Senfoni orkestrasının başına torpille bir şef atanır. Müzisyenler yeni şefin yeteneksizliğini hemen anlar. İlk kez sahneye çıkılacak, konsere dakikalar kala birinci kemancı şefin kulağına fısıldar; “Konserden sonra bize yemek ısmarlamazsan senin gösterdiğin şekilde çalarız, ona göre…”
Özel sektörde ‘verimlilik’ önemli olduğu için amatör şirketler dışında iş dünyasında pek rastlayamazsınız bu tip torpilli arkadaşlara. Ancak belediyeler ve devlet dairelerinin koridorları bu ‘kayırılmışlar ordusu’ ile doludur. Sen o ‘kayırılmış’a istediğin kadar liyakatten bahset, ehliyetten bahset, güce taptığı için anlattıkların sadece zırvadan ibarettir. Vicdanını rahatlatmak için, o koltuğa ulaşana kadar geçirdiği evreleri emekten sayabilir; havalimanında genel başkan karşılamak, kapı kapı dolaşıp broşür dağıtmak, ona buna ‘başkanım’ çekmek gibi… Diyelim ki tüm bu hoplamalar zıplamalar emek, peki bu işe gecesini gündüzünü vermiş, kafa patlatmış, şube müdürlüğü sınavına umut bağlamış rakiplerinin hakkı ne olacak?
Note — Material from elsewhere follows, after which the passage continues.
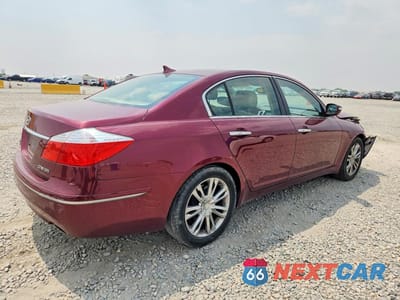 Trzecie zdjęcie samochodu z tyłu: 2011 HYUNDAI GENESIS 3.8L VIN:KMHGC4DE3BU140571 - miniatura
Liyakat sözcüğünün Türk Dil Kurumu’ndaki karşılığına baktım, şöyle diyor: Yeterlilik ilkesi olarak adlandırabileceğimiz liyakat, verilen görevi başarı ile yapabilme yetisi olarak tanımlanabilir. Göreve kabul edilme ve yükselmelerde “bilgi, görgü ve diplomayı” esas alan bir anlayıştır.
Kelimenin anlamı şöyle kenarda dursun, gelelim asıl konuya…
Miss Turkey 2024 Yarışması’nda Koç Üniversitesi Tıp Fakültesi mezunu İdil Bilgen birinci seçildi. İdil’i seçen jüride Berfu Yenenler, Selen Soyder, Gizem Karaca, Amine Gülşe ve Neşe Erberk yer aldı. Bilgen, birincilik tacını kazandı kazanmasına ancak sosyal medyada ‘şiddet’ boyutunda bir lince uğradı. Özellikle Bilgen’in babasının Türkiye’nin Kiev Büyükelçisi Mustafa Levent Bilgen olması, torpil iddialarını gündeme getirdi. Kızı Miss Turkey’de birincilik elde edecek kadar güzel bulmayanlar olduğu gibi ‘çirkin’ olarak niteleyenler de az değil. Ne yalan söyleyeyim, özellikle kalın kaşlı ve uzun yüzlü olması nedeniyle benim de ‘güzel’ anlayışıma pek uymuyor. Sonra babasının büyükelçi olması bende de “Ey torpil, sen nelere kadirsin” fikrini uyandırdı. Ancak İdil sosyal medyada bu kadar saldırıya uğrayınca konuya başka açıdan bakayım dedim.
Öncelikle Miss Turkey sadece bir güzellik yarışması değil. Tarihçesini ve temel düşüncesini araştırdım. Yarışmanın, ‘Türk kadınının özelliklerini ve imajını dünyaya en güzel şekilde anlatma amacını taşımak’ gibi bir misyonu var.
Şöyle düşünelim, İdil tıp mezunu kimliğiyle, kendine ve güzelliğine güvenerek ‘Ben de yarışmaya katılacağım’ demiş. Katılmış. Jüri de birinci seçmiş. Niye taşlıyorsunuz ki kızcağızı! Birini suçlamadan rahat edemeyen sosyal medya kullanıcıları, illa birilerini suçlayacaksanız, jüriyi suçlasanıza! Bu yarışmayı ve İdil’i tüm yönleriyle ele alarak değerlendirsenize…
‘Efendim, torpili olmasaydı ilk 20’ye bile mi giremezdi?’ Ha, bu muhteşem tespiti yapan ‘sütten çıkmış ak kaşıklar’ da inanın hayatı boyunca torpil yapmadı (!) veya yaptırmadı. İşe girerken, çocuğunu okula yazdırırken veya hastane randevusu alırken araya birilerini sokmadı.